Figure 2 is the upper air cutoff low creating this storm. It is fairly far north from optimal (for large rainfall and or snowfall amounts) Friday morning.
Figure 3-6 shows the surface low and approximate frontal positions as the storm passes. Figure 3, Thursday PM, the low is near the Four Corners. Instead of moving slowly eastward, it shoots north into NE Utah (Figure 4). Rainfall and snowfall hits the mountains and western slopes first (Thursday into Friday midnight).
Figure 5 has the low back down where we want it, near Raton, and it is time for the mountain snows to really pick up and the Plains rain to begin (Friday 6am). I'm skipping the bulk of the storm (lots of rain down low and snow up high) and jumping to the end of the storm around noon Saturday (Figure 6). The low has continued southeast.
Precipitation forecasts by model:
The GFS puts a trace/coating of snow on Lamont (more to the west) - Figure 7.
For total water, the GFS gives us 1/2 to 3/4th inchs of water - Figure 8.
Figure 9 is the WPC 50th percentile confidence forecast - and we have a coating to an inch.
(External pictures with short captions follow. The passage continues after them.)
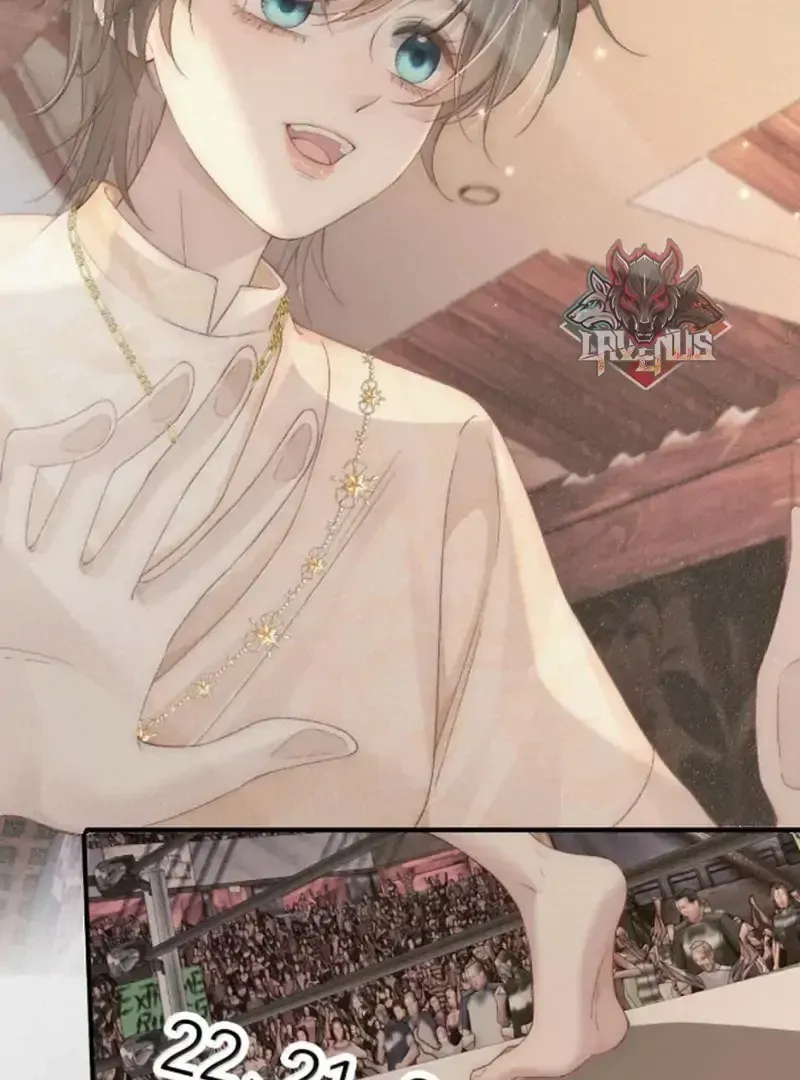 Chapter 52 - Trang 36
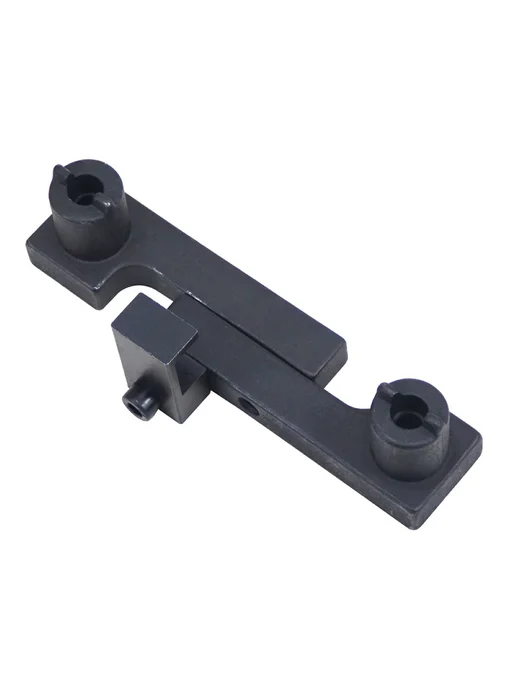 Motortool Набор фиксаторов для установки фаз грм VOLVO FORD MT1099, 11 шт, фото 8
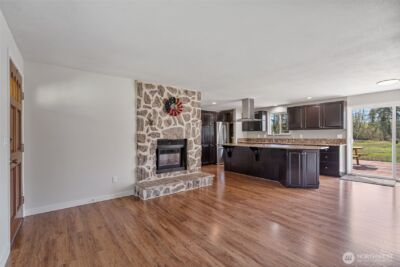 16035 148th Ave SE , Yelm, WA 98597 - Photo 16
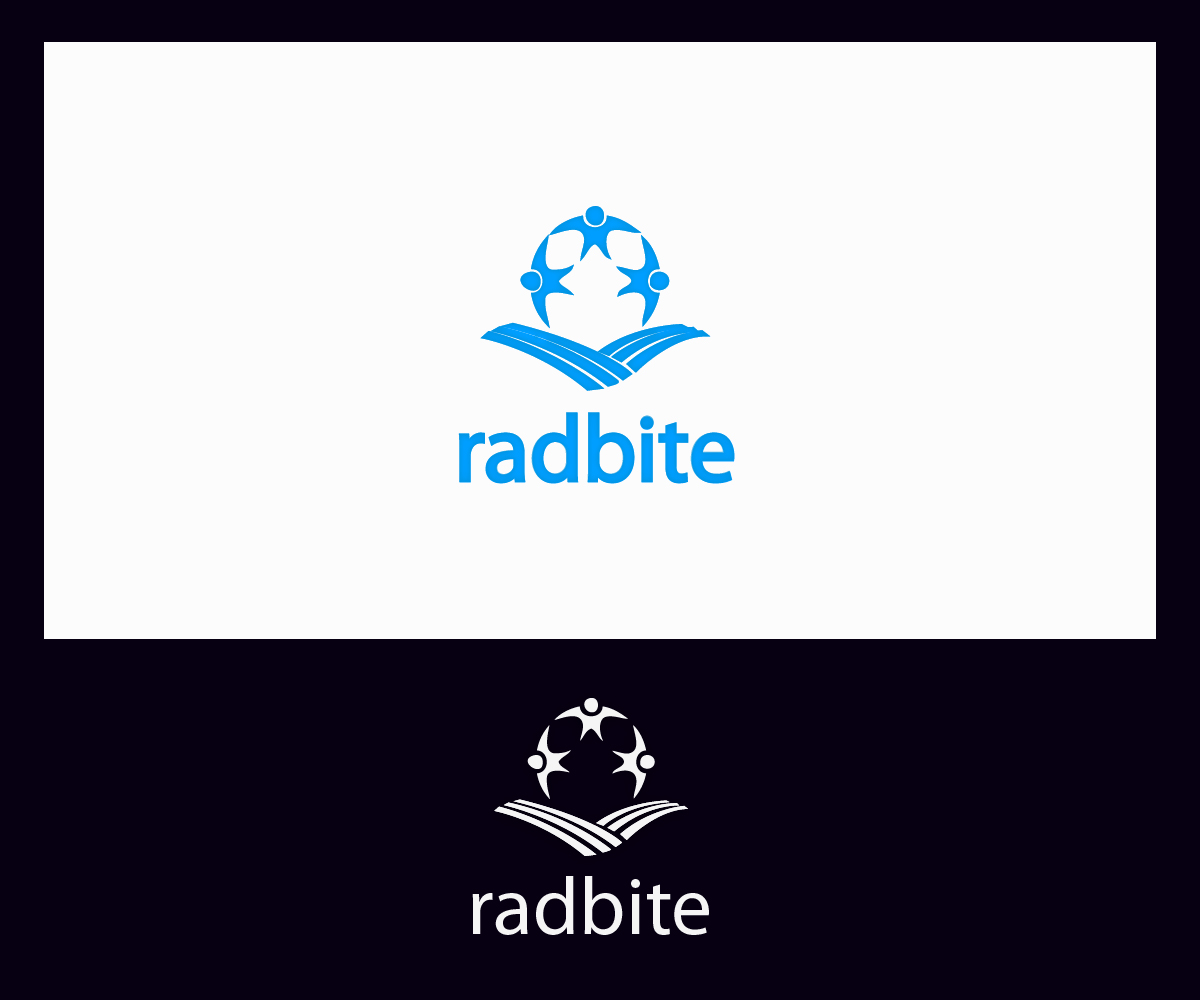 Logo Design by Shay for VelCat s.r.o. | Design #4763737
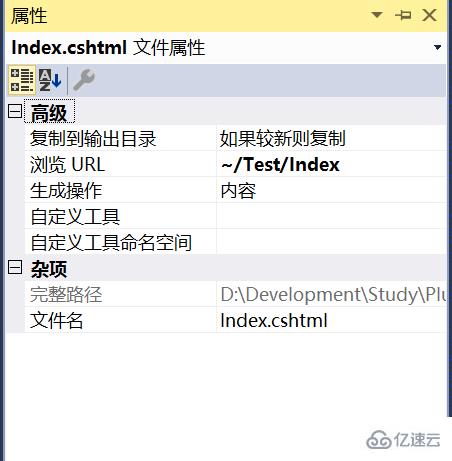 使用 ASP 源码构建动态且交互式 Web 应用程序 (asp源代码怎么用)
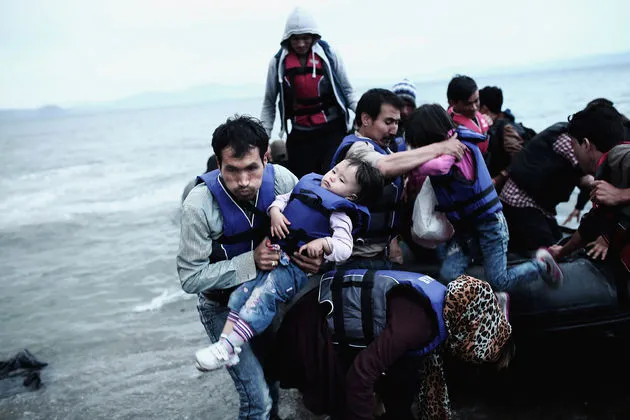 angelos tzortzinis greece shortlist professional current affairs 2016 1 pr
It could happen that Longmont gets a slushy inch if heavier precipitation hits us (that would cool the air column a bit more).
Figure 10 is the NAM and it has us on the edge of nothing to an inch of snow.
Aside from Saturday AM slush and grass-snow, this should be a nice wet Spring storm.
The longer range forecast:
We warm right back up on Sunday (Figure 1 again). A Monday night storm may give us a bit of rain and a Tuesday cool down. Nothing notable. More later!